El “Pampa” Biaggio abrió la cuenta frente a cerca de 40000 espectadores a los 20 del primer tiempo, a 4 minutos del final igualó Vázquez y se fueron al descanso a mano. En la etapa final, Luis Artime inclinó la balanza a favor del local para redondar una jornada inolvidable.
Frente a los trasandinos, el estadio aún no contaba con los codos de la platea sur, que fueron construidos en 1997, año en que también se estrenó el techo de la Norte.
La FIFA ordenó en 2004 que todos los estadios de Sudamérica deberían albergar a todos los espectadores sentados, por lo que se debió colocar butacas en las populares reduciendo la capacidad de las mismas.

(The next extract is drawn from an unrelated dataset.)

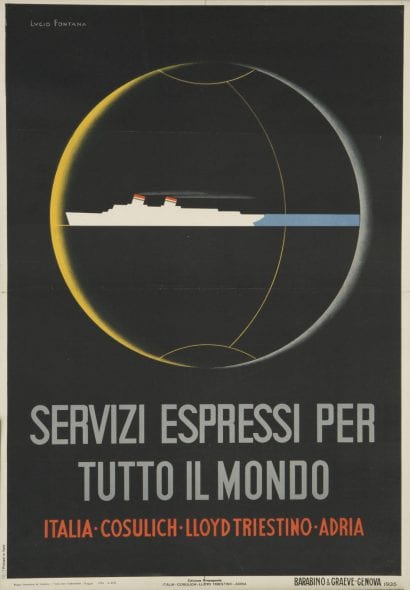 Lucio Fontana, 1935, Servizi espressi per tutto il mondo, € 20.000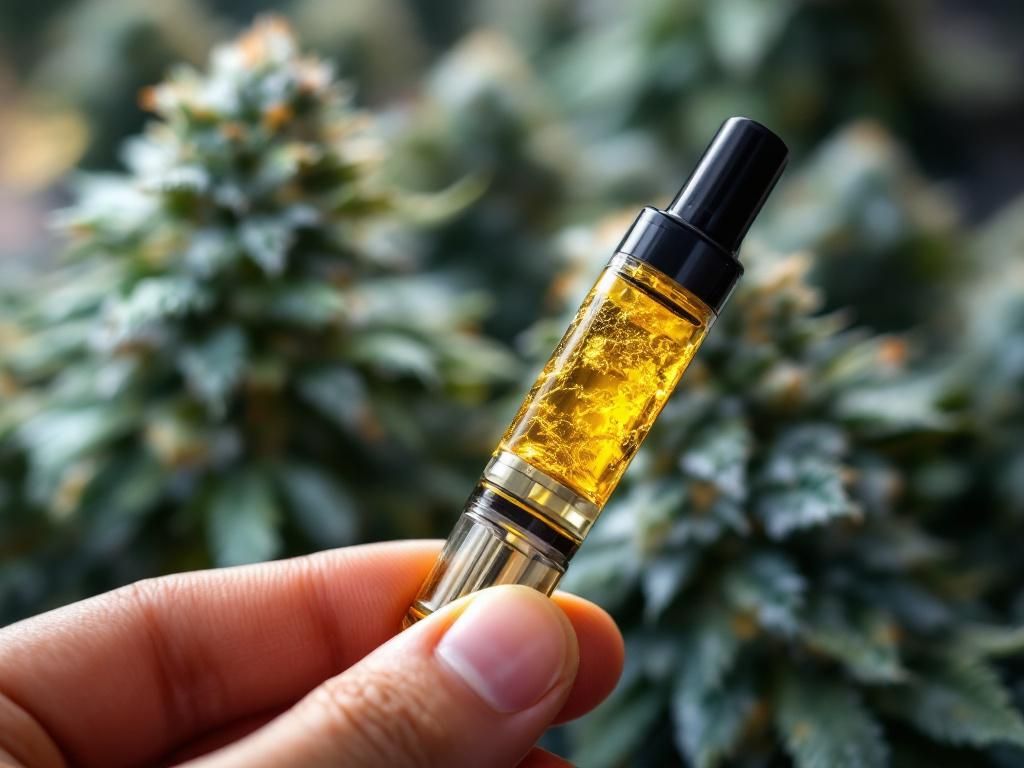 Live resin cannabis vape cartridge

Luego del festejo de 2007 por la obtención del Clausura, se construyó la mitad del codo que une la popular este con la platea norte.

DATOS
Nombre Oficial: Pedro Bidegain
Pseudónimo: Nuevo Gasómetro
Inauguración: 16 de diciembre de 1993, San Lorenzo 2 (Biaggio y Artime) U. Católica 1 (Vázquez)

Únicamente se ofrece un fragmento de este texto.